Youssou N’Dour is one of the most celebrated African artists. Rolling Stone claims, “If any third world performer has a real shot at the sort of universal popularity last enjoyed by Bob Marley, its Youssou, a singer with a voice so extraordinary that the history of Africa seems locked inside it.” His large, international fan-base is the result of his incredibly eclectic music styles. He is strongly rooted in and inspired by his homeland’s rich musical culture. His music contains Senegal’s many different sounds, from the traditional and modern music and Sufi Muslim chants.
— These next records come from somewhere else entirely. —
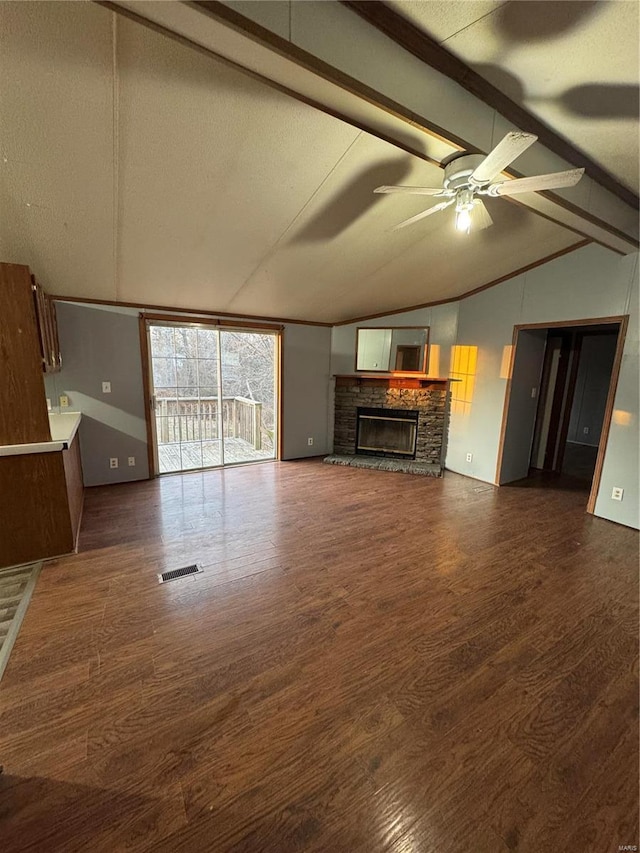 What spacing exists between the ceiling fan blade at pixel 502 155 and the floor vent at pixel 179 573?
2.89 m

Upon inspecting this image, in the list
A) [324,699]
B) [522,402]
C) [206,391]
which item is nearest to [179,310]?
[206,391]

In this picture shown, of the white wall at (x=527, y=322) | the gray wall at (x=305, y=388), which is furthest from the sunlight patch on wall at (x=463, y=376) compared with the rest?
the gray wall at (x=305, y=388)

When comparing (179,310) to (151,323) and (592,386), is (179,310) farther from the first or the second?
(592,386)

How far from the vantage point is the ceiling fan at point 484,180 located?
1.43 metres

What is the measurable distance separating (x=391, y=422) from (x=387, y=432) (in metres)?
0.18

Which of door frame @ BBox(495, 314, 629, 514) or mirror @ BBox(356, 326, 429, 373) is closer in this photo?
door frame @ BBox(495, 314, 629, 514)

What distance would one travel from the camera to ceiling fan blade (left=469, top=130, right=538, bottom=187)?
129 cm

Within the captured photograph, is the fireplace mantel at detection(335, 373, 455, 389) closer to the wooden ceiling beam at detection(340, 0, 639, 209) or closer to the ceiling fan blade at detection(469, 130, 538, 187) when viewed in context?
the wooden ceiling beam at detection(340, 0, 639, 209)

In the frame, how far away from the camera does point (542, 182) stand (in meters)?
1.63

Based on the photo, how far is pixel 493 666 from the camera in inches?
66.7

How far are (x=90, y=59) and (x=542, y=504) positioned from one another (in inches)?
191

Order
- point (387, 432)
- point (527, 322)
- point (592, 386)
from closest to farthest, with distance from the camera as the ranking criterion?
point (527, 322) → point (387, 432) → point (592, 386)

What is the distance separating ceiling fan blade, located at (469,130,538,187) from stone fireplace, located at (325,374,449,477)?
325 centimetres

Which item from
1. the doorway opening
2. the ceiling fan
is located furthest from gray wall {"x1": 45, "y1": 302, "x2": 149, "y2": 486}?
the ceiling fan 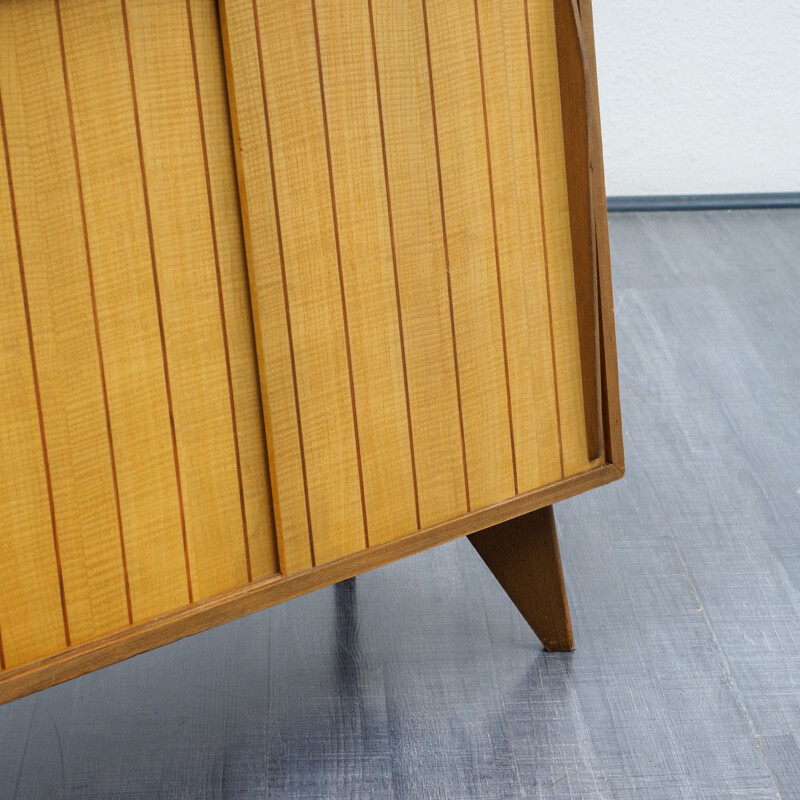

He is most unique, however, because he draws inspiration from the many other sounds of the world, including different areas of Africa, Cuba, Western hip hop, jazz, soul and pop. The result is one of the most global sound one can hear, described by the Guardian as, “the finest example of the meeting of African and Western music.” His music is so appealing throughout the world because of his unique voice and deeply intelligent music.

N’Dour inherited his musical skills from his mother and joined a popular music group, Super E’toile De Dakar, at nineteen. The group, led by N’Dour, forged mbalax, an upbeat style blending African, Caribbean and pop rhythms. They performed for the first time in Europe in 1984 and in North America the next year.

N’Dour gained greater recognition in the West in the late 1980s, when he collaborated with other famous musicians, such as Paul Simon, Peter Gabriel, Sting, Neneh Cherry, Wyclef Jean and many others. With the international release of “Set” and the famous single “Shaking the Tree,” N’Dour was nominated for a Grammy and signed with Columbia Record’s 40 Acres and Mule Label.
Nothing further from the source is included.